私は恐怖を観察し、それが強くなってきた時は、不快な感覚そのものに注意を向ける。それでも落ち着かない時は、自己の実体感に意識を向ける。それでも落ち着かなければ、呼吸に避難して恐怖をやり過ごす。 そのようにして無知に「私が体験している」と思わさせられないようにする。




修行者

努力しようとする時、「私」という感覚が発生する事に気づきました。



長老

長い間の習慣により、あなたが努力しようとする度「私」が現れる。努力に「私」がついてくる。 しかし、努力もまた自然であり、心の性質の一つであると理解すれば、努力の中にある「私」は消えていく。




修行者

瞑想中に気づいているかどうかを確認する事ができません。



長老

私たちは最初のうち、呼吸などの対象に注意を向け、気づきを失っては戻る事を繰り返す。

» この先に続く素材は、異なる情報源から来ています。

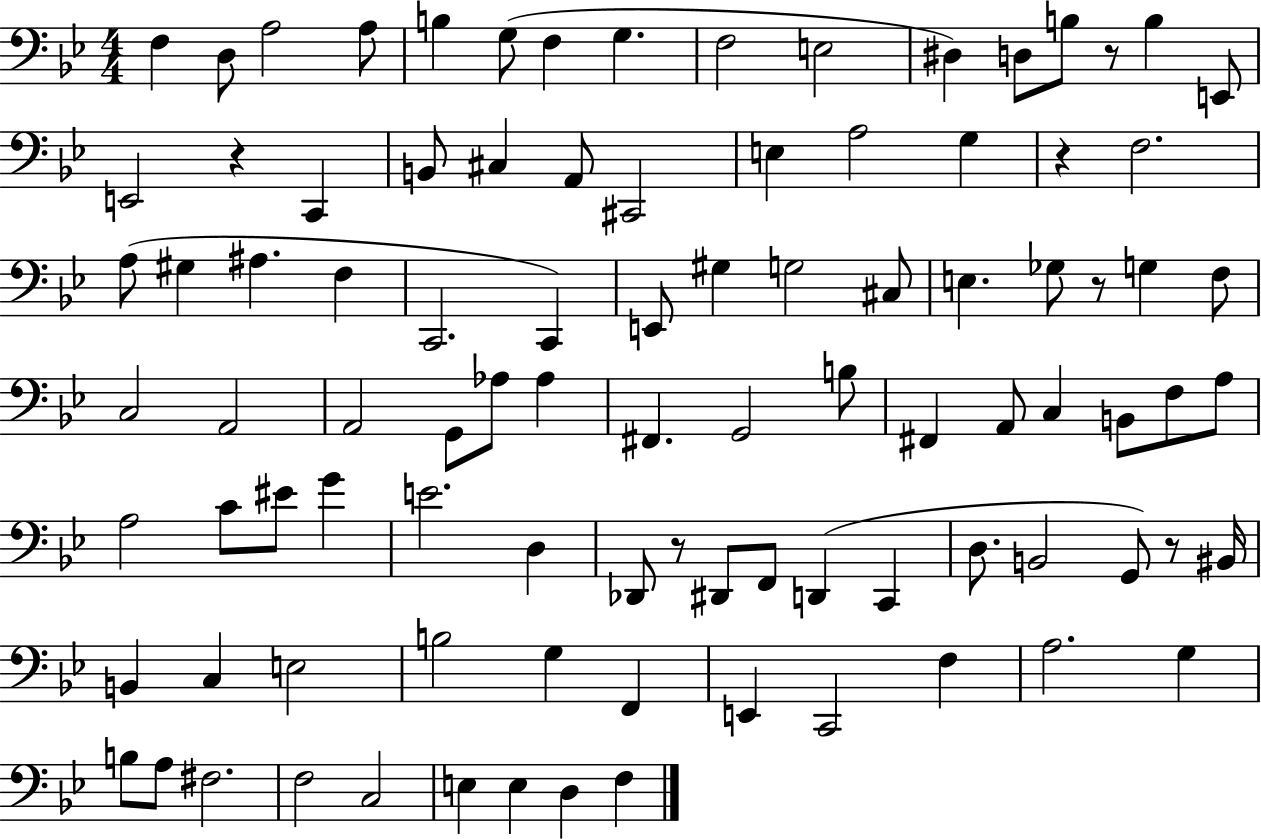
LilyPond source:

{
  \clef bass
  \numericTimeSignature
  \time 4/4
  \key bes \major
  f4 d8 a2 a8 | b4 g8( f4 g4. | f2 e2 | dis4) d8 b8 r8 b4 e,8 | \break e,2 r4 c,4 | b,8 cis4 a,8 cis,2 | e4 a2 g4 | r4 f2. | \break a8( gis4 ais4. f4 | c,2. c,4) | e,8 gis4 g2 cis8 | e4. ges8 r8 g4 f8 | \break c2 a,2 | a,2 g,8 aes8 aes4 | fis,4. g,2 b8 | fis,4 a,8 c4 b,8 f8 a8 | \break a2 c'8 eis'8 g'4 | e'2. d4 | des,8 r8 dis,8 f,8 d,4( c,4 | d8. b,2 g,8) r8 bis,16 | \break b,4 c4 e2 | b2 g4 f,4 | e,4 c,2 f4 | a2. g4 | \break b8 a8 fis2. | f2 c2 | e4 e4 d4 f4 | \bar "|."
}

それをやるうち、対象とともに「気づき」「認識する心」も認識できるようになる。 段階的にできるようになるわけだ。



その段階になると、対象よりも「認識する心」により注意を向けるようになる。この段階はとても重要だ。なぜなら私たちは、思考や感情に引き込まれやすく、嫌な事を変えようとして、気づきを忘れてしまうからだ。しかし気づきを追っていれば、思考や感情に巻き込まれずに済む。




修行者

スピリチュアリティ(精神性)とはどういう意味ですか?



長老

スピリチュアルとは概念的なものであり、それは心の質に依存する。もし私たちが善なる心で行動すれば、私たちはスピリチュアルであり、もし不善なる心で行動すれば、スピリチュアルではない。

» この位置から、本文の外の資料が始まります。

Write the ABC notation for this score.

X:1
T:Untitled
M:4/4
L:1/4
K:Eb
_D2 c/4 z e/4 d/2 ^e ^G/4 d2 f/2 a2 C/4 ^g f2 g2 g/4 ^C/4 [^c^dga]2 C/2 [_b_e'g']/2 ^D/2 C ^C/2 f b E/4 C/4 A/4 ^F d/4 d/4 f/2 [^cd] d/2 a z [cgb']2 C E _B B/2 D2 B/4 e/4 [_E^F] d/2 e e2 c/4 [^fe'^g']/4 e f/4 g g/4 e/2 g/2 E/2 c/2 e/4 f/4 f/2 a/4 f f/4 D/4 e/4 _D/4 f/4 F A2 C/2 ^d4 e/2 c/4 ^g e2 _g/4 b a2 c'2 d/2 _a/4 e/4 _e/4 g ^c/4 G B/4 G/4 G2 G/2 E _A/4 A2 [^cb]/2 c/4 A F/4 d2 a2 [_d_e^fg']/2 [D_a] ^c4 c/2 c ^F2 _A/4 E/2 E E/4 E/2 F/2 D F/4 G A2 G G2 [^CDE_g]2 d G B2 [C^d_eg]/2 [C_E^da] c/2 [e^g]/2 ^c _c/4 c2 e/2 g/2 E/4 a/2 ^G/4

例えば布施(ダーナ)を行う時、喜びとともに尊敬するお坊さんに食べ物を捧げる事もあれば、気分がすぐれないまま捧げる事もある。もし、布施の最中に怒り(ドーサ)に気づいているなら、その心は不善ではなく、善心になる。なぜなら、その心は怒りから離れているからだ。




修行者

私には障害を負った子供がいるので「なぜ私だけがこんな目に遭う」と、誰かに怒りをぶつけたくなります。


長老

責める相手は自身でも、子供でもない。ダンマ(法)においては、すべての結果には複数の原因があり、様々な要因が組み合わさって起こっている。


辛い目に遭い、過去の出来事や、未来に何が起こるか、なぜ自分が再び苦しんでいるのかという思考が繰り返し浮かんでくるのは自然な事だ。だが「また同じ事が起きている」という感覚があると心が折れてしまう。なぜなら私たちは、それを本当に信じてしまうからだ。

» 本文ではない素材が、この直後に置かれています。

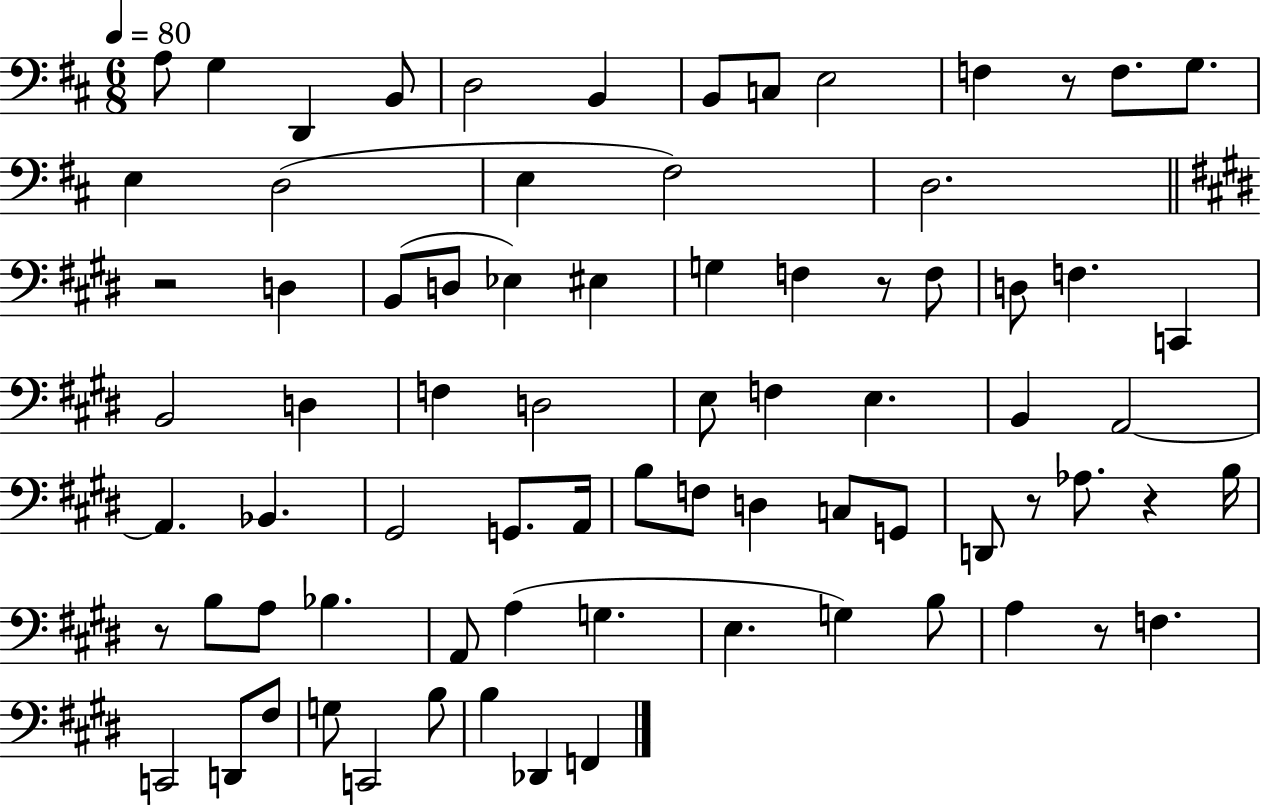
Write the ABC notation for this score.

X:1
T:Untitled
M:6/8
L:1/4
K:D
A,/2 G, D,, B,,/2 D,2 B,, B,,/2 C,/2 E,2 F, z/2 F,/2 G,/2 E, D,2 E, ^F,2 D,2 z2 D, B,,/2 D,/2 _E, ^E, G, F, z/2 F,/2 D,/2 F, C,, B,,2 D, F, D,2 E,/2 F, E, B,, A,,2 A,, _B,, ^G,,2 G,,/2 A,,/4 B,/2 F,/2 D, C,/2 G,,/2 D,,/2 z/2 _A,/2 z B,/4 z/2 B,/2 A,/2 _B, A,,/2 A, G, E, G, B,/2 A, z/2 F, C,,2 D,,/2 ^F,/2 G,/2 C,,2 B,/2 B, _D,, F,,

苦しむたびに私たちの心には「なぜ私はまたこのような経験をしなければならないのか?」と、過去や未来のイメージが何度も何度も頭の中で再生される。しかし、現実にはただ「今、起こっている事」があるだけで、再生ではない。 それを理解し、前に進んだ方がいい。


修行者

高齢の母の介護をしていますが、母の考え方は仏教徒の私とは違うため、何か言うたび衝突して苛立ちます。


長老

私たちはストレスを感じている時、誰かのせいで感じていると考えがちだ。しかし実際にはストレスは、物事が思い通りにいかなかった時に発生する。


あなたが強くある考えに「かくあるべし」と固執していて、それと違う事をされるとストレスになる。ストレスを減らすには、その考えへの固執を緩めるしかない。そのためには、常に気づいて心をクリアに保ち、考えに固執しないようにしておく必要がある。




修行者

瞑想が上手くいかず、自信を失います。


長老

私は落ち込んで自分をよく思えなかった時は、すべてを「気づき」に注ぎ込み、あれこれ考えるのはやめた。やるべき事を気づきを保ちながらやり、そうした感情が出てきた時は、それに気づくだけにしていた。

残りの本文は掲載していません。